Depois de estampar as capas de vários tablóides ingleses e revistas de fofoca ao redor do mundo, Amy aceitou se internar em uma clínica de reabilitação para drogados (para ela, a tão amaldiçoada “rehab”). A imprensa mundial noticiou que a cantora, junto com o marido-problema, o músico Blake Fielder Civil, teriam passado vários dias à base de ecstasy, cocaína, heroína, álcool e similares. Porém, 48 horas depois da internação, o casal decidiu abandonar o tratamento.

A novela ganhou mais um capítulo quando Amy e Blake voltaram novamente para clínica. O que muitos pensavam ser finalmente uma tomada de consciência não passou de mais um episódio deprimente na história recente da cantora. Segundo a imprensa britânica, o casal deixou o estabelecimento após inúmeras brigas que estavam tumultuando o ambiente e atrapalhando o tratamento dos outros pacientes. Os representantes da clínica também afirmaram que o responsável pelas confusões seria Blake.

Essas últimas confusões têm causado problemas na tão promissora carreira da cantora. Todos os compromissos que estavam agendados para o mês de agosto foram cancelados. Por hora, o único evento confirmado é a participação num festival de música no Canadá, em setembro. A imprensa brasileira especulou que o motivo pelo qual Amy não teria sido incluída na lista de participantes do Tim Festival, realizado no mês de outubro, seria justamente a instabilidade física e emocional da artista.

Para muitos, o estilo junkie de Amy faz parte de uma estratégia de marketing para se manter na mídia. A cantora, porém, não é um produto pré-fabricado como as também desregradas Britney Spears e Lindsay Lohan. Muito menos uma desocupada fútil como a “patricinha-cachorra” Paris Hilton.

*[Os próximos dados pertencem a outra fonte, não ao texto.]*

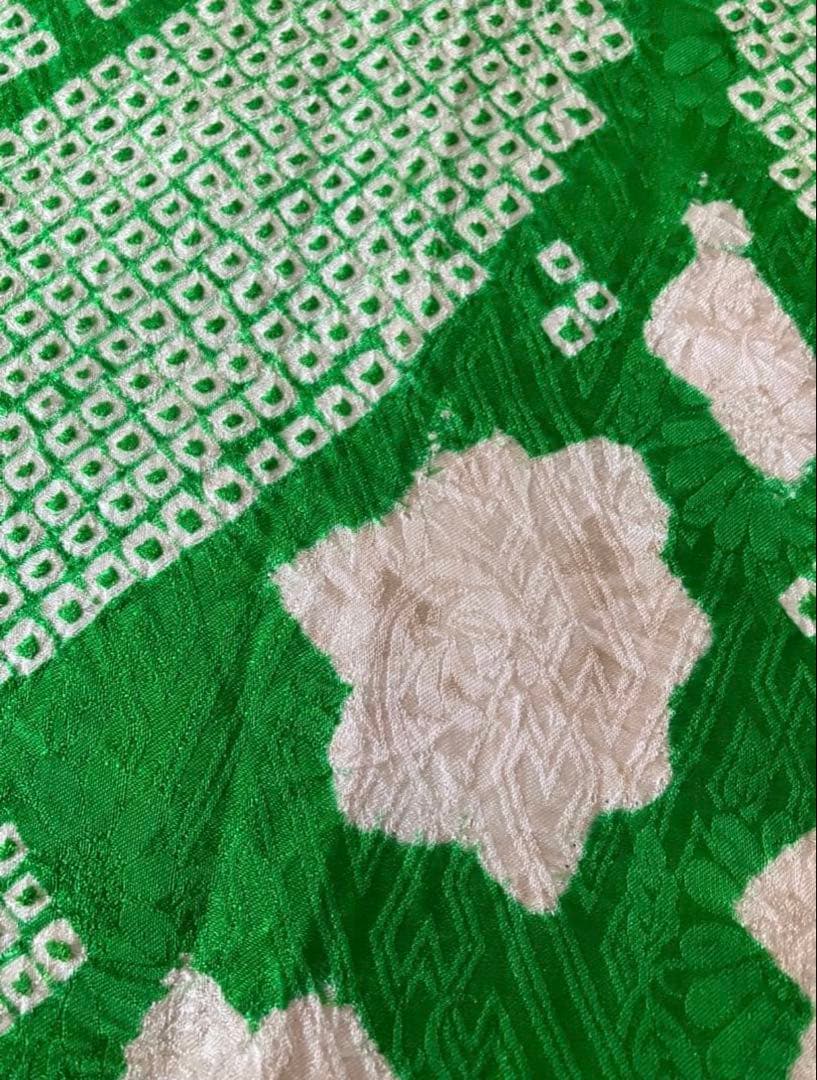 sanasanacat 振袖 袴 成人式 卒業式 結婚式 古典柄 正絹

Amy é considerada, muito precocemente, como uma das maiores cantoras da cena internacional. Seu talento e atitude (de verdade) conquistaram fãs de gêneros tão diversos quanto o soul, R&B, indie rock e pop. Back to Black não é apenas um excelente disco por reunir referências retrô à música pop. É também um álbum em que vemos uma intérprete segura falar da vida e de seus relacionamentos de uma maneira dramática e sarcástica; ao mesmo tempo amparada por uma sonoridade elaboradissíma. Só podemos esperar que, com ou sem “rehab”, Amy encontre o caminho de volta para sua música e mostre que tem talento para ser muito mais que uma capa do The Sun.